I’ll start today’s column with a confession: it took me the longest damn time to understand cosplay. I just didn’t get how cosplay was a fandom in and of itself. I understood furries before I figured out cosplay. With the thinking that if someone who studies fandom had trouble with this, there might be others who don’t get it as well, let me walk you through my education on the subject.

Like many kids, I would dress up on Halloween every year and go trick-or-treating throughout the neighborhood. I would try to get or make costumes of characters that I found exciting or that I looked up to in some way. I was Batman one year, Luke Skywalker another, Indiana Jones after that. By dressing up as these heroic characters, I hoped to emulate those qualities I liked best about them.

Years later, when I heard of cosplay and saw that was a thing, I applied the same basic idea to others who dressed up as fictional characters. If I saw someone in a Star Trek uniform, I assumed they really enjoyed the show and found something in it that inspired them. If I saw someone dressed as Gomez Addams, I assumed they liked something about that character. So even if I didn’t personally like the character, or knew nothing about them at all, I believed the person dressed in that costume found something in that character to enjoy and they wanted to showcase that enjoyment to others.

But then, as I started attending more and more conventions, and seeing people cosplay as multiple characters, sometimes in a single day, I started to wonder about that. Did they really like that many different characters so much to dress up like all of them? And some of these characters were bad guys; did that mean the person likes evil? And on top of all that, their outfits started looking more and more elaborate and expensive; how are they paying for all the materials in addition to all the books and DVDs and whatever else that feature the character?

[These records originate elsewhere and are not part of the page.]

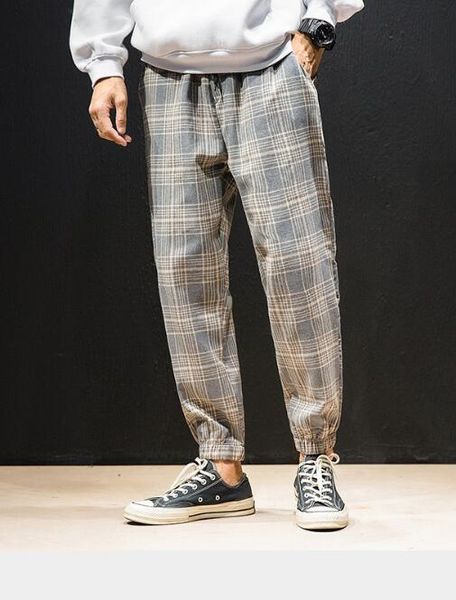 

французские прямые пары марина вкус шаровары, Black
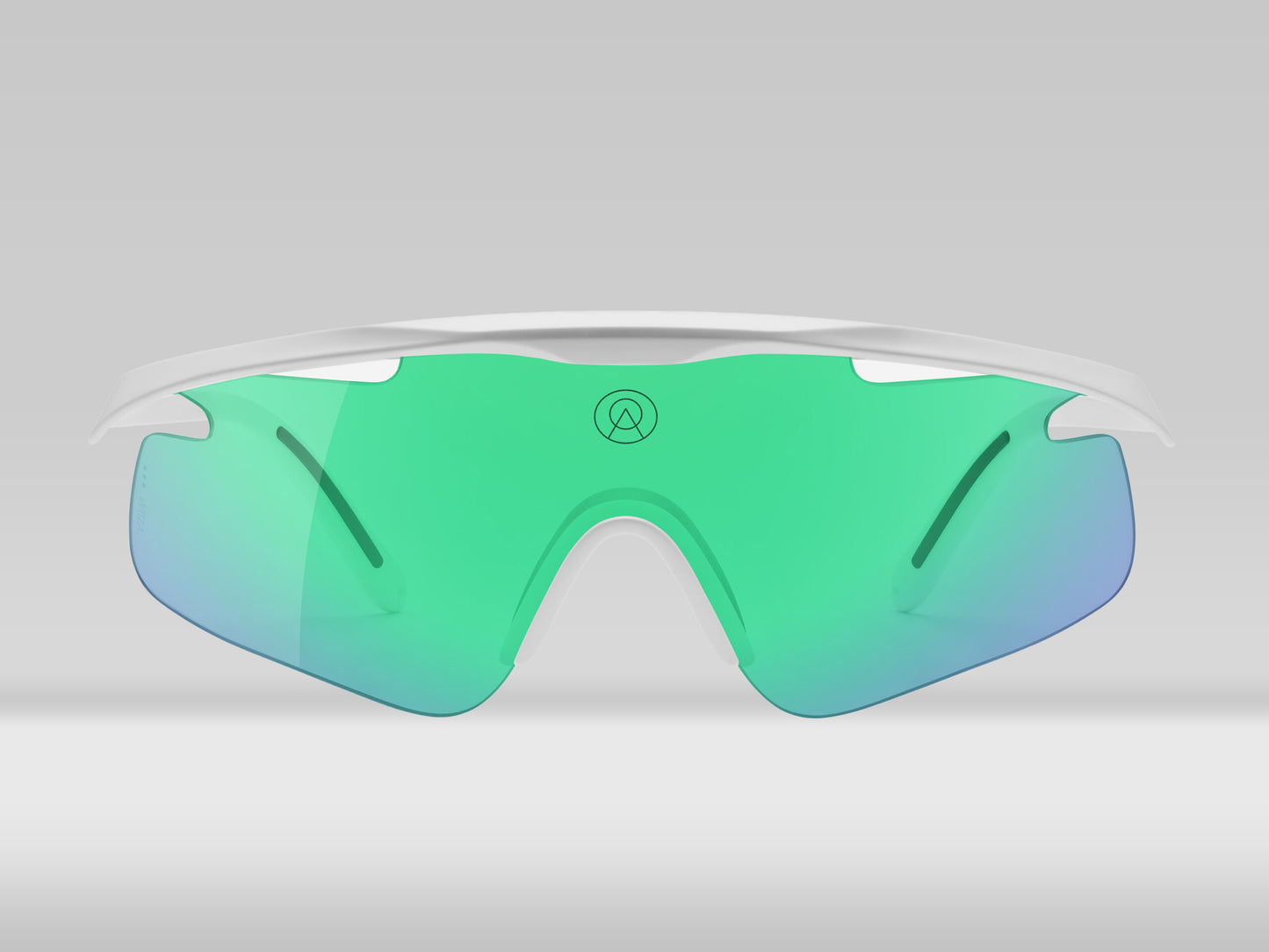 Alba Optics Mantra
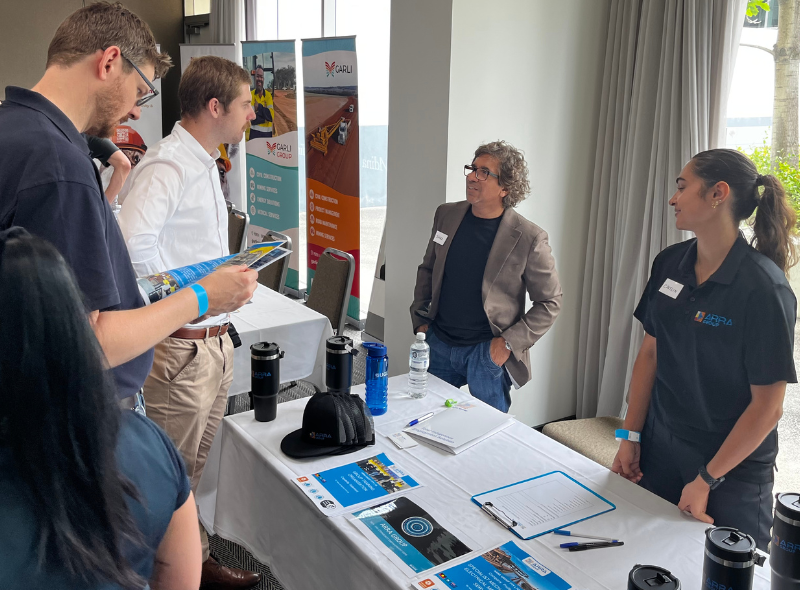https://edge.sitecorecloud.io/cimicgroupl634d-cimicxmcloud-production-16eb/media/project/cimic/ugl/news/2025/card-list-v3---connecting-cultures-ugls-community-empowerment-expo.png?h=590&iar=0&w=800
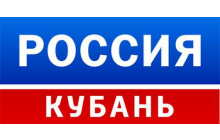 source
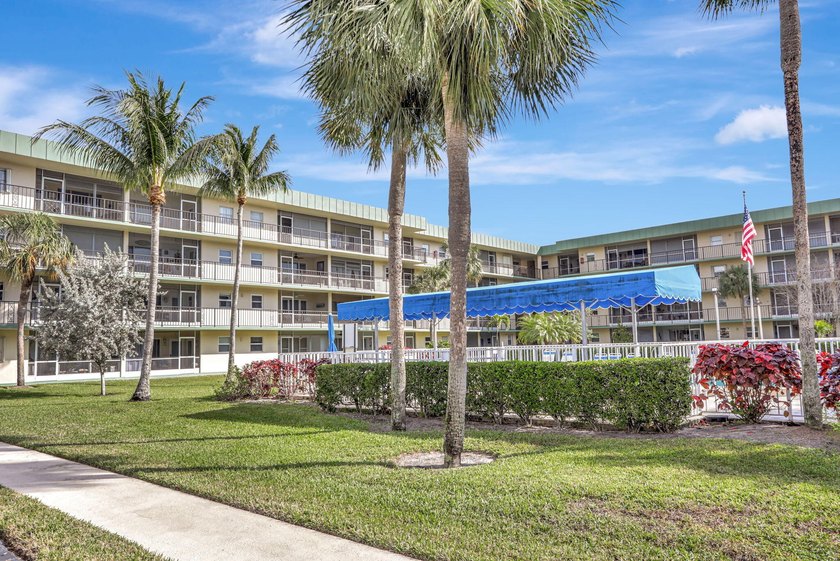 Welcome to your dream home in a vibrant 55+ community! This - photo 29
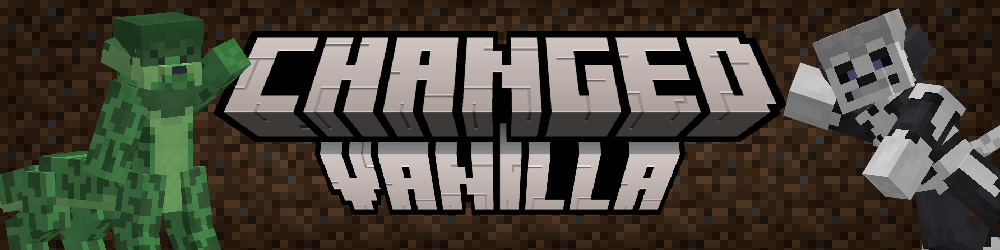 Mod Banner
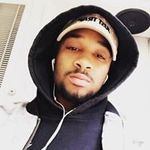 Walter Cobb - @walty_slim13 - Instagram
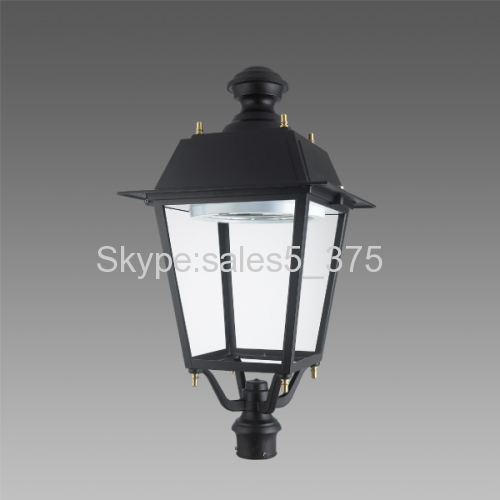 modern outdoor lighting garden light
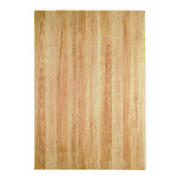 Create your own beautiful flooring with Klikka. In the laminate range, the Antique Pine is glueless,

What I had missed, though, was that I was applying my own ideas about costuming to others. If I were to dress up like a character, it would be a character I was trying to emulate in some way already. Their personality, or the strength of character, or whatever. But that’s not why other people necessarily choose characters to dress as.

After doing some research, it finally dawned on me that some of these people are more enthralled by the act of creation. Sure, they may have thought Gargoyles was a cool show, but their real interest is in figuring out how to create a costume with a working set of wings! The Dark Crystal was a good movie and all, but could you make a Skeksis costume that was operated by only a single individual? Can you craft a costume solid enough to withstand the rigors of travel and days-long operation? Every cosplayer is going to approach things a little differently, depending on their skillset and their own ideas about the art, but it’s not just about highlighting your favorite character.

So that cost? The money cosplayers spend on fabric and props isn’t any different than what I spend on comic books. They don’t need to read every single issue of Fantastic Four to make a good Thing costume; they have a different set of interests and priorities than I do.

And I think that’s something to keep in mind about every other fandom: the reasons why you’re into whatever it is you’re into aren’t necessarily going to be the same for everybody else. You may follow Batman because he embodies the ideals you’d like to see in yourself, but maybe the next guy is more interested trying to figure out how to make Azrael’s wing/cape thing work in real life.